<<<<
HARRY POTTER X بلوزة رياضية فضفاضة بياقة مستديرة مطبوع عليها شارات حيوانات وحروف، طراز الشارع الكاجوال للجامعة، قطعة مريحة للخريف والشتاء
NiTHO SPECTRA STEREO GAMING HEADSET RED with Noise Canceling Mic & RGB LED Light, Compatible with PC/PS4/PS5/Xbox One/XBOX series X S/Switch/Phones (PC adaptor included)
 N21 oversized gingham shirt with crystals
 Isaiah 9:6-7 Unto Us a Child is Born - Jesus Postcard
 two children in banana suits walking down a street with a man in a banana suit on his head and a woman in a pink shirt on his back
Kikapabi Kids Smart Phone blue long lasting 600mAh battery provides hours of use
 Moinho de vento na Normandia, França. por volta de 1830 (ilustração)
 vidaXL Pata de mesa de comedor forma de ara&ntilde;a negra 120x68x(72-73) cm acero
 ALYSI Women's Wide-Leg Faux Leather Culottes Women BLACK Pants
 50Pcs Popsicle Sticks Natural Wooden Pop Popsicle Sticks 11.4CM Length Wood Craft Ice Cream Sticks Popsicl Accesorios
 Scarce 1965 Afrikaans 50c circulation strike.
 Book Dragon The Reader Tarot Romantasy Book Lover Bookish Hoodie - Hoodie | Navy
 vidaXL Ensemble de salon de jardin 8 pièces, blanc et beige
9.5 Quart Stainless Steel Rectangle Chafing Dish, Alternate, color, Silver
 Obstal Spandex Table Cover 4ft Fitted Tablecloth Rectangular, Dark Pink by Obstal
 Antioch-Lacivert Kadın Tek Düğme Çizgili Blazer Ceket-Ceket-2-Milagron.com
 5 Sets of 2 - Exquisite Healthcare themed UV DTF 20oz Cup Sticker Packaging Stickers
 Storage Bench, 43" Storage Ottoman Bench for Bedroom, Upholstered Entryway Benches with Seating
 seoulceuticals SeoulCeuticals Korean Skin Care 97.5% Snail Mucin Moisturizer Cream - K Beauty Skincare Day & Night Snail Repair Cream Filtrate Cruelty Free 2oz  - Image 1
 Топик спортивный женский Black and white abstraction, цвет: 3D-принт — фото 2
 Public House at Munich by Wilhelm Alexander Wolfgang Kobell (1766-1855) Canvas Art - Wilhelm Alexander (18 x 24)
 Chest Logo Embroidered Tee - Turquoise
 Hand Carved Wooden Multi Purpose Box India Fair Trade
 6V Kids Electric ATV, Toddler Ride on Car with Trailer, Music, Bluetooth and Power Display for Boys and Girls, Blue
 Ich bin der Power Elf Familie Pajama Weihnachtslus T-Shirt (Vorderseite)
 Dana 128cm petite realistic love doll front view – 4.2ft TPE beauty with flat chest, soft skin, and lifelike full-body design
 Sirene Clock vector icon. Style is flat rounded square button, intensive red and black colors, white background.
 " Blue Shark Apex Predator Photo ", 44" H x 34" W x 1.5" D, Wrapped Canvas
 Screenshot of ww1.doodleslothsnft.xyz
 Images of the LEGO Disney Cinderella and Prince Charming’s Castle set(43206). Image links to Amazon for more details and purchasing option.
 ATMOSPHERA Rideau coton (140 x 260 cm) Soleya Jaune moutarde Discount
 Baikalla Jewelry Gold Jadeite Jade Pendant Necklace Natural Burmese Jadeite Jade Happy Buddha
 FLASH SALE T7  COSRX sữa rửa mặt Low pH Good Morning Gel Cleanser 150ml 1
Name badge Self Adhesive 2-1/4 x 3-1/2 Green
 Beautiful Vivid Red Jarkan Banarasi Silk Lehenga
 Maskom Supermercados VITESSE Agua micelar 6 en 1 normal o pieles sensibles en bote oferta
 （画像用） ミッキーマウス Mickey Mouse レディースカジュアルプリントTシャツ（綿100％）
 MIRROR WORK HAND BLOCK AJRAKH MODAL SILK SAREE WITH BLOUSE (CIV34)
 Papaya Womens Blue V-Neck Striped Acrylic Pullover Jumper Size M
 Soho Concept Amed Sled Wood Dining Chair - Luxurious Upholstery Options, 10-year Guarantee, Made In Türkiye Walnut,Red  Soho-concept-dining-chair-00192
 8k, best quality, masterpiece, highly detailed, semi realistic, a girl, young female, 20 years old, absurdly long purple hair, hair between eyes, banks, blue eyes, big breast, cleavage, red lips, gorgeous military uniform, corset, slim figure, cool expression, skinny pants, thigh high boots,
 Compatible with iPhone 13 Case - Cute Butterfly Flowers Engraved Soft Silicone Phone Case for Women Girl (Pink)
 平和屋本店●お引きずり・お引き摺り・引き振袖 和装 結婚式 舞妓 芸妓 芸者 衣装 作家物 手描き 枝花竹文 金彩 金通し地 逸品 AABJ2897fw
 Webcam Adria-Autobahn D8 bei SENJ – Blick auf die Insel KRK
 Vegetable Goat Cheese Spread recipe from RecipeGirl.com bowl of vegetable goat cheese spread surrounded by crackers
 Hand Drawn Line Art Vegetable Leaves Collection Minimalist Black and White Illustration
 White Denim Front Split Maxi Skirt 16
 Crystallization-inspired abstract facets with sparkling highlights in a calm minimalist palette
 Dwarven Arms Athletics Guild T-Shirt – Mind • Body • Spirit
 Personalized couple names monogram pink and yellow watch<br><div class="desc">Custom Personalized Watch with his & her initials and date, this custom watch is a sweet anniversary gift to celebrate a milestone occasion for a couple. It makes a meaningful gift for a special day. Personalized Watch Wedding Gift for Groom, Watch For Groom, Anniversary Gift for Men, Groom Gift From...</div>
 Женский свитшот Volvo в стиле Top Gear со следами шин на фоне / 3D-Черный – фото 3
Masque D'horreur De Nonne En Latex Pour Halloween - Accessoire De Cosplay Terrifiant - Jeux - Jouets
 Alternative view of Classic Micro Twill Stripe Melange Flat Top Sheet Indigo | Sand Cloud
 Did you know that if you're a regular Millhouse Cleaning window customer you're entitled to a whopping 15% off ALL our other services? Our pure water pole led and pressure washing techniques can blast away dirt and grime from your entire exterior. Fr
>>>>
EXERCISE DETAILS:
Copy out the whole listing exactly.

RESPONSE:
HARRY POTTER X بلوزة رياضية فضفاضة بياقة مستديرة مطبوع عليها شارات حيوانات وحروف، طراز الشارع الكاجوال للجامعة، قطعة مريحة للخريف والشتاء
NiTHO SPECTRA STEREO GAMING HEADSET RED with Noise Canceling Mic & RGB LED Light, Compatible with PC/PS4/PS5/Xbox One/XBOX series X S/Switch/Phones (PC adaptor included)
 N21 oversized gingham shirt with crystals
 Isaiah 9:6-7 Unto Us a Child is Born - Jesus Postcard
 two children in banana suits walking down a street with a man in a banana suit on his head and a woman in a pink shirt on his back
Kikapabi Kids Smart Phone blue long lasting 600mAh battery provides hours of use
 Moinho de vento na Normandia, França. por volta de 1830 (ilustração)
 vidaXL Pata de mesa de comedor forma de ara&ntilde;a negra 120x68x(72-73) cm acero
 ALYSI Women's Wide-Leg Faux Leather Culottes Women BLACK Pants
 50Pcs Popsicle Sticks Natural Wooden Pop Popsicle Sticks 11.4CM Length Wood Craft Ice Cream Sticks Popsicl Accesorios
 Scarce 1965 Afrikaans 50c circulation strike.
 Book Dragon The Reader Tarot Romantasy Book Lover Bookish Hoodie - Hoodie | Navy
 vidaXL Ensemble de salon de jardin 8 pièces, blanc et beige
9.5 Quart Stainless Steel Rectangle Chafing Dish, Alternate, color, Silver
 Obstal Spandex Table Cover 4ft Fitted Tablecloth Rectangular, Dark Pink by Obstal
 Antioch-Lacivert Kadın Tek Düğme Çizgili Blazer Ceket-Ceket-2-Milagron.com
 5 Sets of 2 - Exquisite Healthcare themed UV DTF 20oz Cup Sticker Packaging Stickers
 Storage Bench, 43" Storage Ottoman Bench for Bedroom, Upholstered Entryway Benches with Seating
 seoulceuticals SeoulCeuticals Korean Skin Care 97.5% Snail Mucin Moisturizer Cream - K Beauty Skincare Day & Night Snail Repair Cream Filtrate Cruelty Free 2oz  - Image 1
 Топик спортивный женский Black and white abstraction, цвет: 3D-принт — фото 2
 Public House at Munich by Wilhelm Alexander Wolfgang Kobell (1766-1855) Canvas Art - Wilhelm Alexander (18 x 24)
 Chest Logo Embroidered Tee - Turquoise
 Hand Carved Wooden Multi Purpose Box India Fair Trade
 6V Kids Electric ATV, Toddler Ride on Car with Trailer, Music, Bluetooth and Power Display for Boys and Girls, Blue
 Ich bin der Power Elf Familie Pajama Weihnachtslus T-Shirt (Vorderseite)
 Dana 128cm petite realistic love doll front view – 4.2ft TPE beauty with flat chest, soft skin, and lifelike full-body design
 Sirene Clock vector icon. Style is flat rounded square button, intensive red and black colors, white background.
 " Blue Shark Apex Predator Photo ", 44" H x 34" W x 1.5" D, Wrapped Canvas
 Screenshot of ww1.doodleslothsnft.xyz
 Images of the LEGO Disney Cinderella and Prince Charming’s Castle set(43206). Image links to Amazon for more details and purchasing option.
 ATMOSPHERA Rideau coton (140 x 260 cm) Soleya Jaune moutarde Discount
 Baikalla Jewelry Gold Jadeite Jade Pendant Necklace Natural Burmese Jadeite Jade Happy Buddha
 FLASH SALE T7  COSRX sữa rửa mặt Low pH Good Morning Gel Cleanser 150ml 1
Name badge Self Adhesive 2-1/4 x 3-1/2 Green
 Beautiful Vivid Red Jarkan Banarasi Silk Lehenga
 Maskom Supermercados VITESSE Agua micelar 6 en 1 normal o pieles sensibles en bote oferta
 （画像用） ミッキーマウス Mickey Mouse レディースカジュアルプリントTシャツ（綿100％）
 MIRROR WORK HAND BLOCK AJRAKH MODAL SILK SAREE WITH BLOUSE (CIV34)
 Papaya Womens Blue V-Neck Striped Acrylic Pullover Jumper Size M
 Soho Concept Amed Sled Wood Dining Chair - Luxurious Upholstery Options, 10-year Guarantee, Made In Türkiye Walnut,Red  Soho-concept-dining-chair-00192
 8k, best quality, masterpiece, highly detailed, semi realistic, a girl, young female, 20 years old, absurdly long purple hair, hair between eyes, banks, blue eyes, big breast, cleavage, red lips, gorgeous military uniform, corset, slim figure, cool expression, skinny pants, thigh high boots,
 Compatible with iPhone 13 Case - Cute Butterfly Flowers Engraved Soft Silicone Phone Case for Women Girl (Pink)
 平和屋本店●お引きずり・お引き摺り・引き振袖 和装 結婚式 舞妓 芸妓 芸者 衣装 作家物 手描き 枝花竹文 金彩 金通し地 逸品 AABJ2897fw
 Webcam Adria-Autobahn D8 bei SENJ – Blick auf die Insel KRK
 Vegetable Goat Cheese Spread recipe from RecipeGirl.com bowl of vegetable goat cheese spread surrounded by crackers
 Hand Drawn Line Art Vegetable Leaves Collection Minimalist Black and White Illustration
 White Denim Front Split Maxi Skirt 16
 Crystallization-inspired abstract facets with sparkling highlights in a calm minimalist palette
 Dwarven Arms Athletics Guild T-Shirt – Mind • Body • Spirit
 Personalized couple names monogram pink and yellow watch<br><div class="desc">Custom Personalized Watch with his & her initials and date, this custom watch is a sweet anniversary gift to celebrate a milestone occasion for a couple. It makes a meaningful gift for a special day. Personalized Watch Wedding Gift for Groom, Watch For Groom, Anniversary Gift for Men, Groom Gift From...</div>
 Женский свитшот Volvo в стиле Top Gear со следами шин на фоне / 3D-Черный – фото 3
Masque D'horreur De Nonne En Latex Pour Halloween - Accessoire De Cosplay Terrifiant - Jeux - Jouets
 Alternative view of Classic Micro Twill Stripe Melange Flat Top Sheet Indigo | Sand Cloud
 Did you know that if you're a regular Millhouse Cleaning window customer you're entitled to a whopping 15% off ALL our other services? Our pure water pole led and pressure washing techniques can blast away dirt and grime from your entire exterior. Fr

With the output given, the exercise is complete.